Retomando lo que plantea Nietzsche, podemos aventurarnos a afirmar que el espectador sutil no cuestionará la máscara que adopta Simón, sino más bien qué aspecto de la realidad psíquica o física de Simón se manifiesta a través de ella. Sin caer en lugares comunes, la película echa luz sobre la complejidad del espectro de la salud mental, es decir: que una persona sea capaz de modificar su conducta a punto tal de verse como un discapacitado para integrarse a un grupo social es sin dudas un síntoma que habla de la profundidad y la desidentificación de las personas con enfermedades mentales hacia los diferentes grupos sociales. Habla, también, de la necesidad que tenemos las personas de identificarnos con pares.
No nos configuramos determinados a priori, como sostiene Judith Butler, sino que nos definimos en acto a través de la repetición de conductas. En ese sentido, podríamos afirmar que “Simón deviene discapacitado” y, como en un ciclo de lo que en psicología se llama profecía autocumplida, logra finalmente su cometido: recibir un certificado que lo acredite.

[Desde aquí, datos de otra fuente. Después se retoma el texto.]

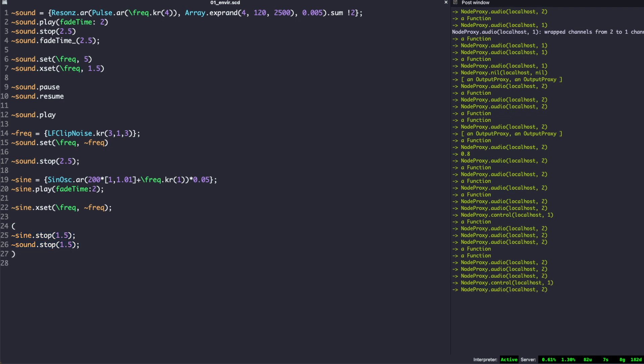The combination of JITlib and ProxySpace offers extreme versatility and makes live coding easier and flexible. It definitely gets more interesting when used with patterns and one has multiple P-binds sounding together. To me, it feels almost like a conductor improvising with an orchestra.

Dejaremos de lado el dilema ético, la problemática esbozada sobre el marco legal y las mentiras que Simón no tiene problema en repetir una y otra vez. La película no quiere alimentar el morbo de las categorías psiquiátricas, sino poner sobre la mesa la complejidad de las habilidades o incapacidades de alguien que atraviesa una patología de salud mental severa a la hora de descubrirse durante su adolescencia. Simón de la montaña nos ayuda así a entender la forma en que la sociedad de hoy experimenta el crecimiento y la adolescencia desde la óptica de un personaje que se encuentra al margen.
Simón de la montaña (Argentina/Chile/Uruguay, 2024), guion de Agustín Toscano, Tomás Murphy y Federico Luis Tachella, dirección de Federico Luis Tachella, 98 minutos.